(Beginning of DATA UNDER STUDY)

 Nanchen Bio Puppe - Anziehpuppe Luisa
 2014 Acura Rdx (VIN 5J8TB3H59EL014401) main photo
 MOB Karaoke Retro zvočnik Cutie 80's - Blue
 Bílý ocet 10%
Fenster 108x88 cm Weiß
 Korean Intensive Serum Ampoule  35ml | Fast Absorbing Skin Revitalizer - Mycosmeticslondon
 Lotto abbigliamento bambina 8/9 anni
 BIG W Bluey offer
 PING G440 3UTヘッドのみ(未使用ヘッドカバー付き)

(End of DATA UNDER STUDY)

- **PROMPT**
None of the records may be skipped; each is to be repeated exactly.

- **RESULT OF THIS TASK**
 Nanchen Bio Puppe - Anziehpuppe Luisa
 2014 Acura Rdx (VIN 5J8TB3H59EL014401) main photo
 MOB Karaoke Retro zvočnik Cutie 80's - Blue
 Bílý ocet 10%
Fenster 108x88 cm Weiß
 Korean Intensive Serum Ampoule  35ml | Fast Absorbing Skin Revitalizer - Mycosmeticslondon
 Lotto abbigliamento bambina 8/9 anni
 BIG W Bluey offer
 PING G440 3UTヘッドのみ(未使用ヘッドカバー付き)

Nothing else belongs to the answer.